I found the following two loops yield the same output. Can you help me to understand what the differences are between the @ and * in this particular case?
#!/bin/bash
ips=(8.8.8.8 8.8.4.4)
for ip in ${ips[@]}; do
echo $ip
done
for ip in ${ips[*]}; do
echo $ip
done
They both yield the same result:
8.8.8.8
8.8.4.4
Bash Man page quote
Any element of an array may be referenced using ${name[subscript]}. The braces are required to avoid conflicts with pathname expansion. If subscript is @ or * , the word expands to all members of name. These subscripts differ only when the word appears within double quotes.
IF the word is double-quoted, ${name[*]} expands to a single word with the value of each array member separated by the first character of the IFS special variable, and ${name[@]} expands each element of name to a separate word.
When there are no array members, ${name[@]} expands to nothing.
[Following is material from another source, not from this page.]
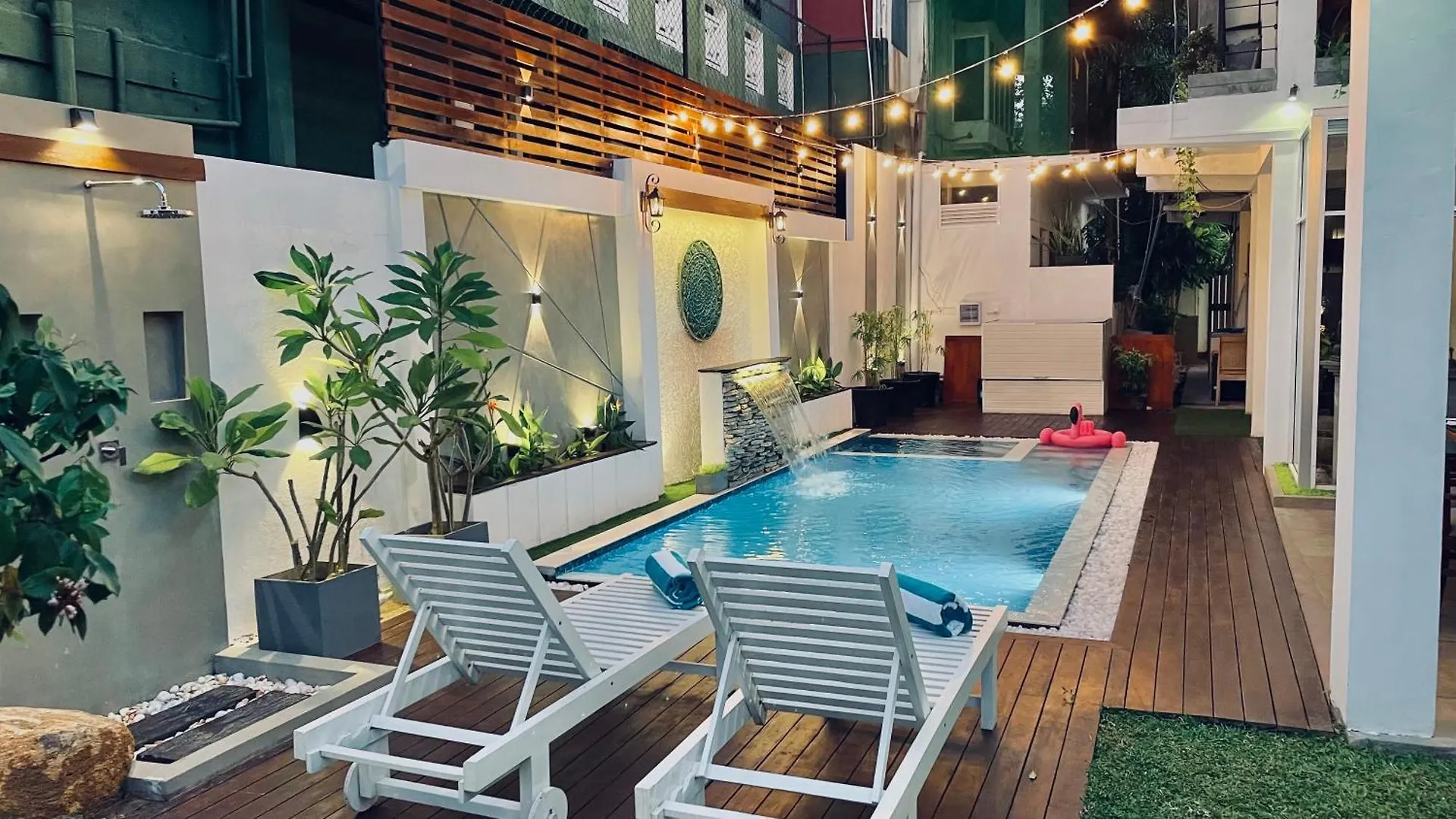 8 Plus Motels Νεγκόμπο 0*,  Σρι Λάνκα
If the double-quoted expansion occurs within a word, the expansion of the first parameter is joined with the beginning part of the original word, and the expansion of the last parameter is joined with the last part of the original word.
Which means:
munai@munai-devops:~$ declare -a array
munai@munai-devops:~$ array=(1 2 3)
munai@munai-devops:~$ bakIFS=$IFS
munai@munai-devops:~$ IFS=","
munai@munai-devops:~$ echo "${array[*]}"
1,2,3
munai@munai-devops:~$ echo "${array[@]}"
1 2 3
As you've notice, there is no difference between the two - that is when the arrays are not quoted.
"${arr[*]}" expands the array to one element, whereas
"${arr[@]}" expands each element but preserving whitespace (IFS).
The first array won't change but the second will have the output of:
8.8.8.8 8.8.4.4